**Task to complete:** Return only the line containing "雅诗兰黛补水保湿水乳推荐,口碑最好十大护肤品套装雅诗兰黛" and each line after it, exactly as written, through the end of the records.

**Data shown:**
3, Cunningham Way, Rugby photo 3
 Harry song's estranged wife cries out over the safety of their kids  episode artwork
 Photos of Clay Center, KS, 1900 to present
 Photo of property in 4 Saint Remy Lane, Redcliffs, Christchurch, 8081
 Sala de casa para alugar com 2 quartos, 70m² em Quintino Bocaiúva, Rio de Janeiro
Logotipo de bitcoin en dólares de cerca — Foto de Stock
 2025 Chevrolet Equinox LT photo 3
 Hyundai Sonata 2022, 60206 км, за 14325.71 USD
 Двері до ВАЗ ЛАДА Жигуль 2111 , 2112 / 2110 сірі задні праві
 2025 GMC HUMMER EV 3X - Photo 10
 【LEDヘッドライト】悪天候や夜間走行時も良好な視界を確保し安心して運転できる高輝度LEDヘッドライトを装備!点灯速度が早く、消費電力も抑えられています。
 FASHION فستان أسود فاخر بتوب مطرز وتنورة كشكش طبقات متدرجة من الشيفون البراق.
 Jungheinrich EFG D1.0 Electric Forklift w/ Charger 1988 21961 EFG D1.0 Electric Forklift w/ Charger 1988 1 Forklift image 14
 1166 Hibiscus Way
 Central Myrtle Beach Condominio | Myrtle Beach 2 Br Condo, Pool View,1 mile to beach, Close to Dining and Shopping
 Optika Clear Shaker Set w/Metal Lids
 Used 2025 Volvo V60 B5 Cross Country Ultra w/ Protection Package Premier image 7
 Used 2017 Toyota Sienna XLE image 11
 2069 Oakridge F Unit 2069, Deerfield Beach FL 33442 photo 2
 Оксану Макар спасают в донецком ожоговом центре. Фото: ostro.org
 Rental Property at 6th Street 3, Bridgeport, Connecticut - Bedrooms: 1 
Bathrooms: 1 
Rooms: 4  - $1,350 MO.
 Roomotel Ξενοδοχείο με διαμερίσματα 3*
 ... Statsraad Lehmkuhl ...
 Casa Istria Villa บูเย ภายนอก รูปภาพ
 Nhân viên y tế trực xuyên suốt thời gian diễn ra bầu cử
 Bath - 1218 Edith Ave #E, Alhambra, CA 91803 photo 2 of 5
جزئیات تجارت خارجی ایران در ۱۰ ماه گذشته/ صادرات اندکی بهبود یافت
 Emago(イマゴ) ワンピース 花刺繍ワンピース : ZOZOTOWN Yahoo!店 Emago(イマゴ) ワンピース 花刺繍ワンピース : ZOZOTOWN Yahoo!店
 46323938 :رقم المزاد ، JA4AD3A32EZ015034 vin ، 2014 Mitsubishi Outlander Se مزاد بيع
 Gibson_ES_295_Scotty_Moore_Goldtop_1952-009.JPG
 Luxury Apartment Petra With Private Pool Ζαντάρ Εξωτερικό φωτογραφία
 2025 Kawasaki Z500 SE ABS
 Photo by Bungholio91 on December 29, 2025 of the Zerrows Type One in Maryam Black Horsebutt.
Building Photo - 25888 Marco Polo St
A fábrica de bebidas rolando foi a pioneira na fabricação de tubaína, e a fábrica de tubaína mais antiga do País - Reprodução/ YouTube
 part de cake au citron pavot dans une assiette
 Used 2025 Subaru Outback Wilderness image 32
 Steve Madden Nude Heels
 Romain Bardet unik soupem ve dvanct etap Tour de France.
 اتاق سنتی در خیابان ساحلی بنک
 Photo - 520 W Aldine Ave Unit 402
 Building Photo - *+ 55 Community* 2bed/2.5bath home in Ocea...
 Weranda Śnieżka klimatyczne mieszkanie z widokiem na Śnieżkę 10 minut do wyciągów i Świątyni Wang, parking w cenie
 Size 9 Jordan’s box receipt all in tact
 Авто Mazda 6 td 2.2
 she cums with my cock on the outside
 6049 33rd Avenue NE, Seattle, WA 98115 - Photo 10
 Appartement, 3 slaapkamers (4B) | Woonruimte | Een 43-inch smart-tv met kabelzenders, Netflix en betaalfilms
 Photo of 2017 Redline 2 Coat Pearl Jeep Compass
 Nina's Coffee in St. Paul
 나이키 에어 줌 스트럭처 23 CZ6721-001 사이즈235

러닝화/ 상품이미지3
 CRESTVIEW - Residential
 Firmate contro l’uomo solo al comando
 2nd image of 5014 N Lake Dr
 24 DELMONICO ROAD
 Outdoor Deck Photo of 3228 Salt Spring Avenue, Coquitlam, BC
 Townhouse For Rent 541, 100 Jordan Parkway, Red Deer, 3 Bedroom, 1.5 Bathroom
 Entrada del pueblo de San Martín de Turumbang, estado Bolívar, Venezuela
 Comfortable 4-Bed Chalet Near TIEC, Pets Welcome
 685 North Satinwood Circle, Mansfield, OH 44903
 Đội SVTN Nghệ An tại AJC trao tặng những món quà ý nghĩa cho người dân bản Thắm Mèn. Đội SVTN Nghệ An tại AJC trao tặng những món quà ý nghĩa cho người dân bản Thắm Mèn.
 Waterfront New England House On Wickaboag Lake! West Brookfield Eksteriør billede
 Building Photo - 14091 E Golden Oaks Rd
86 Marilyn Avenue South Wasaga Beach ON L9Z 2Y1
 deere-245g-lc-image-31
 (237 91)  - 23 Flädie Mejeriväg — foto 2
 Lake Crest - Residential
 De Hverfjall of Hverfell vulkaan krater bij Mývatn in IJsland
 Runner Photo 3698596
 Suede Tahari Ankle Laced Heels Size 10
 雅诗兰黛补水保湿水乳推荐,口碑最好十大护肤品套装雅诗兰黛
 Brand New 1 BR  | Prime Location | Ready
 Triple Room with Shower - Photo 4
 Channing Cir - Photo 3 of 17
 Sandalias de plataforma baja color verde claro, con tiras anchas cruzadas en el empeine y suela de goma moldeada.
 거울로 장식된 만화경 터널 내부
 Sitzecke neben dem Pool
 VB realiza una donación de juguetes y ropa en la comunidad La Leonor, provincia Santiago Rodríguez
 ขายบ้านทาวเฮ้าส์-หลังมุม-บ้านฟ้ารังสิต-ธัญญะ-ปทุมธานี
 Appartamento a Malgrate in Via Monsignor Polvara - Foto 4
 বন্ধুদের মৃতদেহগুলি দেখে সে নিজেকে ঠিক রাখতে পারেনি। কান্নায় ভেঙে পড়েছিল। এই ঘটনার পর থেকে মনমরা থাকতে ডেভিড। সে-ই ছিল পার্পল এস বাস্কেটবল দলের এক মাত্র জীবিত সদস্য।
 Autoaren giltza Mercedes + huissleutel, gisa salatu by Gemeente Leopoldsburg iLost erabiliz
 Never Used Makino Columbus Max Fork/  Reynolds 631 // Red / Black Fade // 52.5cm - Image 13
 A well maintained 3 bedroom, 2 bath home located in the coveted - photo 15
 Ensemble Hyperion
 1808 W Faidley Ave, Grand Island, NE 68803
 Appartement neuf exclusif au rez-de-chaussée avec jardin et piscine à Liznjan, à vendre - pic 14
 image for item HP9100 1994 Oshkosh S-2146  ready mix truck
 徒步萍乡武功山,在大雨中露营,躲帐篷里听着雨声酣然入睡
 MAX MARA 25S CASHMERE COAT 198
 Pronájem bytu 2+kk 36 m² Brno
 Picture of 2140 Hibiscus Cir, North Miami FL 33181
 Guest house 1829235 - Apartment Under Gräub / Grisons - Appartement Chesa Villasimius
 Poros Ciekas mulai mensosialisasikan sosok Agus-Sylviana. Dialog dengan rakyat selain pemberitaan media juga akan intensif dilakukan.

**Reply:**
 雅诗兰黛补水保湿水乳推荐,口碑最好十大护肤品套装雅诗兰黛
 Brand New 1 BR  | Prime Location | Ready
 Triple Room with Shower - Photo 4
 Channing Cir - Photo 3 of 17
 Sandalias de plataforma baja color verde claro, con tiras anchas cruzadas en el empeine y suela de goma moldeada.
 거울로 장식된 만화경 터널 내부
 Sitzecke neben dem Pool
 VB realiza una donación de juguetes y ropa en la comunidad La Leonor, provincia Santiago Rodríguez
 ขายบ้านทาวเฮ้าส์-หลังมุม-บ้านฟ้ารังสิต-ธัญญะ-ปทุมธานี
 Appartamento a Malgrate in Via Monsignor Polvara - Foto 4
 বন্ধুদের মৃতদেহগুলি দেখে সে নিজেকে ঠিক রাখতে পারেনি। কান্নায় ভেঙে পড়েছিল। এই ঘটনার পর থেকে মনমরা থাকতে ডেভিড। সে-ই ছিল পার্পল এস বাস্কেটবল দলের এক মাত্র জীবিত সদস্য।
 Autoaren giltza Mercedes + huissleutel, gisa salatu by Gemeente Leopoldsburg iLost erabiliz
 Never Used Makino Columbus Max Fork/  Reynolds 631 // Red / Black Fade // 52.5cm - Image 13
 A well maintained 3 bedroom, 2 bath home located in the coveted - photo 15
 Ensemble Hyperion
 1808 W Faidley Ave, Grand Island, NE 68803
 Appartement neuf exclusif au rez-de-chaussée avec jardin et piscine à Liznjan, à vendre - pic 14
 image for item HP9100 1994 Oshkosh S-2146  ready mix truck
 徒步萍乡武功山,在大雨中露营,躲帐篷里听着雨声酣然入睡
 MAX MARA 25S CASHMERE COAT 198
 Pronájem bytu 2+kk 36 m² Brno
 Picture of 2140 Hibiscus Cir, North Miami FL 33181
 Guest house 1829235 - Apartment Under Gräub / Grisons - Appartement Chesa Villasimius
 Poros Ciekas mulai mensosialisasikan sosok Agus-Sylviana. Dialog dengan rakyat selain pemberitaan media juga akan intensif dilakukan.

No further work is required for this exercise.